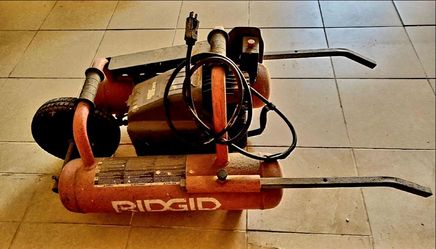 RIDGID 5-Gallon 145 PSI Oil-Lube Wheelbarrow Air Compressor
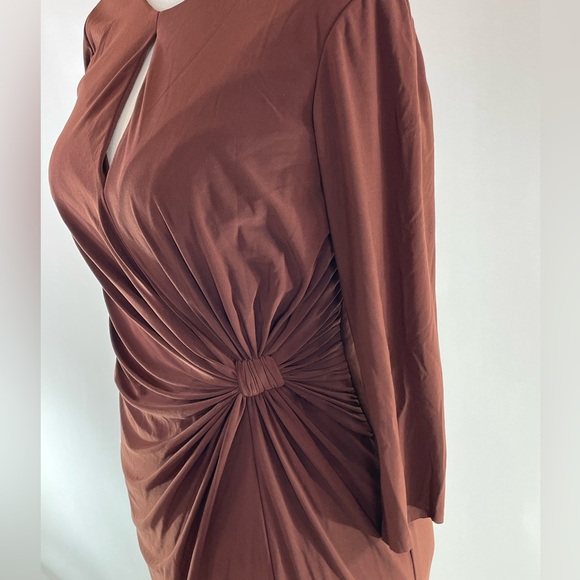 Ieena for Mac Duggal Keyhole Draped Gown, 8 (flaw) - Picture 12 of 12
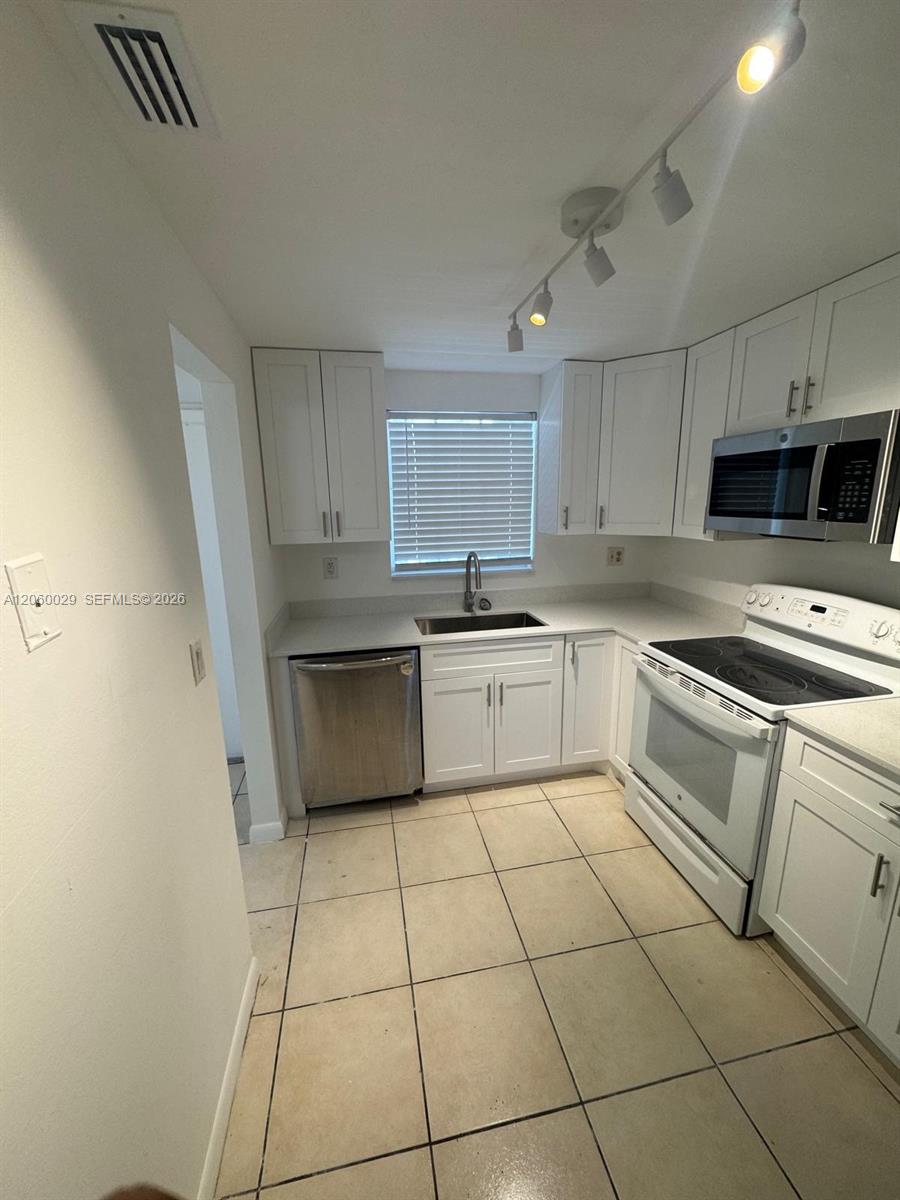 Residential Lease in Pembroke Pines 2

------------

# Exercise aim
From the line containing "Ieena for Mac" through the final line of the listing above, reproduce every line exactly, with no pictures.

# Exercise output
 Ieena for Mac Duggal Keyhole Draped Gown, 8 (flaw) - Picture 12 of 12
 Residential Lease in Pembroke Pines 2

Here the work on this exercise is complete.